All right, thanks again for the feedback. I'll take your suggestions into account and
send a v2 once ready.

>>
>>
>> Summary over all repositories:
>>    34 files changed, 1464 insertions(+), 140 deletions(-)
>>
>> Generated by murpp v0.1.0
> 
> huh, what's this? some patch handling tool I don't know about?
> 
> 

It's something that I've been building on the side. I was kind of annoyed by
manually assembling cover letters, especially when the patch series spanned multiple
repos and when there were multiple iterations of the same patch series.
It's a small Rust (tm) tool that pretty much fully automates preparing patches for series
like these.
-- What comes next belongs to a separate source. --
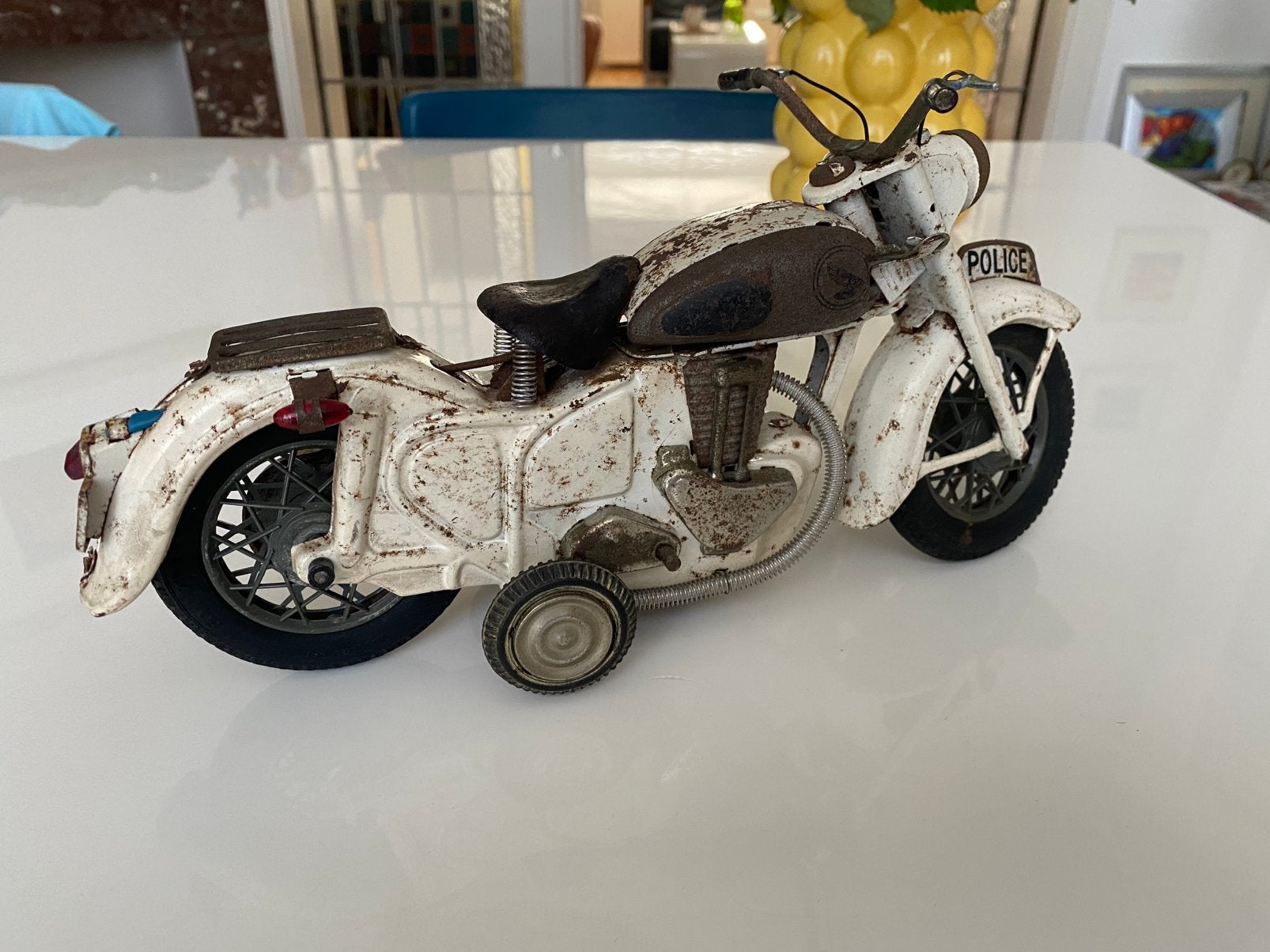 Blikken motorfiets Bandai 30cm., Ophalen of Verzenden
You can write the text for the cover letter, title, series version, and included
repos/branches in a single configuration file (YAML for now, as this allows me to include the
text for the body in a multi-line string, but I'm looking for alternatives).
The tool will then generate all patches with consecutive patch numbering and generate the final
cover letter, including all diff-stats and a final summary.

This series is the first time I've used the tool and I'm pretty happy so far.
Apart from writing the cover letter, I did not have to put in any manual work to assemble this series;
a single `murpp generate` was enough to have this patch series ready for `git send-email`.

I've created a staff repo for it, in case anybody wants to try it out.

-- 
- Lukas